▶ Your assignment
Copy every line of the entries that includes the word "friendly".

------ Material provided ------

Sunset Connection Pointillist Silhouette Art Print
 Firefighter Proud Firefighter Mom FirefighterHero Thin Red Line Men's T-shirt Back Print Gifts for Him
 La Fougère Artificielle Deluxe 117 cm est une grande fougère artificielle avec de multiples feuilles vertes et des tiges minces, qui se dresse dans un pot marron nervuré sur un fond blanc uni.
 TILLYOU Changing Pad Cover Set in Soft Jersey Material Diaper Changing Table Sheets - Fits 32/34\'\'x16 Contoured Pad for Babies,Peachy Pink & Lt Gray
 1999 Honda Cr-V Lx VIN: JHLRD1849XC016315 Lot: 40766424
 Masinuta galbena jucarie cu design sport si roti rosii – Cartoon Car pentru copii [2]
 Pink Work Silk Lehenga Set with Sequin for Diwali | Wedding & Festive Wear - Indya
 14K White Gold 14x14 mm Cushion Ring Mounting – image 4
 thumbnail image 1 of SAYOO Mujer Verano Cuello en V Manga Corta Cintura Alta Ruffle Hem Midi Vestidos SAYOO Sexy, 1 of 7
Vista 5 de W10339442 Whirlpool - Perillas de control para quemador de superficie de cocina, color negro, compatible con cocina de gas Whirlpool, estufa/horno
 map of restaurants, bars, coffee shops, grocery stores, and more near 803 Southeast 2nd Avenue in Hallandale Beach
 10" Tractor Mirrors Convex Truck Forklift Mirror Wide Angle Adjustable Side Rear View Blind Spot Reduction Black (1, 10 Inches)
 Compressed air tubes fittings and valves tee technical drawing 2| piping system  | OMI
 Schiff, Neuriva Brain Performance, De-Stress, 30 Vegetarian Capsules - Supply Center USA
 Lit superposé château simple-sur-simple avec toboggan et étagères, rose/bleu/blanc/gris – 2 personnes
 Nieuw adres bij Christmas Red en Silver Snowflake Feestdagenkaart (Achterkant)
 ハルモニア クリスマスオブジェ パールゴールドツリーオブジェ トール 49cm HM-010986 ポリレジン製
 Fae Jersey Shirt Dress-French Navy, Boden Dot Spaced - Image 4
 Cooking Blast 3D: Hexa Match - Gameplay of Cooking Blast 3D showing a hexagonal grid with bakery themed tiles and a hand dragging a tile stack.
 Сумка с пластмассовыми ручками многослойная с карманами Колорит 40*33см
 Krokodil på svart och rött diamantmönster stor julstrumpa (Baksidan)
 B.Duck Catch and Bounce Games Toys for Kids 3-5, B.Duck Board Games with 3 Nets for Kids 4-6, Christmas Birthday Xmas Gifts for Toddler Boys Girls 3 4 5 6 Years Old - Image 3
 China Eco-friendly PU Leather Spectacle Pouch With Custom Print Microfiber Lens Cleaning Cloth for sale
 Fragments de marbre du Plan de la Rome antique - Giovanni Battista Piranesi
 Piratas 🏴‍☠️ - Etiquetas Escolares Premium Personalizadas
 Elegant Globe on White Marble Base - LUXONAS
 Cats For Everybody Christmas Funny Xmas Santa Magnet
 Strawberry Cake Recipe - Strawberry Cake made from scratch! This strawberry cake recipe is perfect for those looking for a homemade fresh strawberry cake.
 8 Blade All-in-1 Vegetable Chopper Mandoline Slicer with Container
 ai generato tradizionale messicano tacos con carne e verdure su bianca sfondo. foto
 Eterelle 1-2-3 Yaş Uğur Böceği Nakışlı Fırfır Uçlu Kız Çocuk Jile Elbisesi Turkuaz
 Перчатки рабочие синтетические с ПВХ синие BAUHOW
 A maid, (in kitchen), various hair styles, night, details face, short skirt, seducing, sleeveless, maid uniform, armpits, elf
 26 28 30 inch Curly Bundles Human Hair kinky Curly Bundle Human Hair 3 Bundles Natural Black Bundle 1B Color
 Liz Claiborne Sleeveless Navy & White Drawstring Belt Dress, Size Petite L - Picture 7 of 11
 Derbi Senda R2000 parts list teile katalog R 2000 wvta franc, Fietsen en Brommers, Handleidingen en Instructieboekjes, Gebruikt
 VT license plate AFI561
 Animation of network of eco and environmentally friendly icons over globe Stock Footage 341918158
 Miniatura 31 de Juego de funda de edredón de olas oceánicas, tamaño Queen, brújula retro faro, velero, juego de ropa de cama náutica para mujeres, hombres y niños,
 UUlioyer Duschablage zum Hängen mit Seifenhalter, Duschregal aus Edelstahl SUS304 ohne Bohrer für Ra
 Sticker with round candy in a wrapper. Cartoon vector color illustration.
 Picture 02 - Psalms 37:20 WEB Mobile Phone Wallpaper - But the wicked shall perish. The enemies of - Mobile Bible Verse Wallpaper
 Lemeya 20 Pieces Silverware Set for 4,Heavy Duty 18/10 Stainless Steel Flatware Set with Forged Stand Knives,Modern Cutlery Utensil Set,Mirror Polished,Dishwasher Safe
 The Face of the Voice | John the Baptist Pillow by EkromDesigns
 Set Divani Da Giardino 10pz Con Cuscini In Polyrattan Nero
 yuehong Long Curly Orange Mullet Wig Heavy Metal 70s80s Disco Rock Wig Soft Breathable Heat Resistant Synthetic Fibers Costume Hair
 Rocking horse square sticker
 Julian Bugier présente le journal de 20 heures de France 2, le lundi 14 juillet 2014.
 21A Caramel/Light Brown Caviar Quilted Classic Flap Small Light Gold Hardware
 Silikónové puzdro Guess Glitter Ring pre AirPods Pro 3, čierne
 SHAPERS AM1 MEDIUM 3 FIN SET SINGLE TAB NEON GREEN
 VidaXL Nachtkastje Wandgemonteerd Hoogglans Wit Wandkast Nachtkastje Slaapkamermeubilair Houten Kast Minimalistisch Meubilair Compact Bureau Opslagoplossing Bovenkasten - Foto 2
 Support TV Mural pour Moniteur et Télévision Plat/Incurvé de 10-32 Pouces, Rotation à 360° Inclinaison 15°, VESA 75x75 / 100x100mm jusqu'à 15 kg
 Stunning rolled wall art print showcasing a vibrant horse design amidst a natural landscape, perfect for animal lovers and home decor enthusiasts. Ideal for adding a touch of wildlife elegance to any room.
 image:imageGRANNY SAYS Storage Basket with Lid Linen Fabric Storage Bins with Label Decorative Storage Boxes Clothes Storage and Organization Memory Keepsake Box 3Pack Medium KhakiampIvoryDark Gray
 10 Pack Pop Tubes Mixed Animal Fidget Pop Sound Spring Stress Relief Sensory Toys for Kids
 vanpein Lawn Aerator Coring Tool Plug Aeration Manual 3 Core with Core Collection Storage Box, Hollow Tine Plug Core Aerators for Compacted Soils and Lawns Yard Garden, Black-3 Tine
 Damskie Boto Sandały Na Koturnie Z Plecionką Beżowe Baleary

------

▶ Solution to the problem
 China Eco-friendly PU Leather Spectacle Pouch With Custom Print Microfiber Lens Cleaning Cloth for sale
 Animation of network of eco and environmentally friendly icons over globe Stock Footage 341918158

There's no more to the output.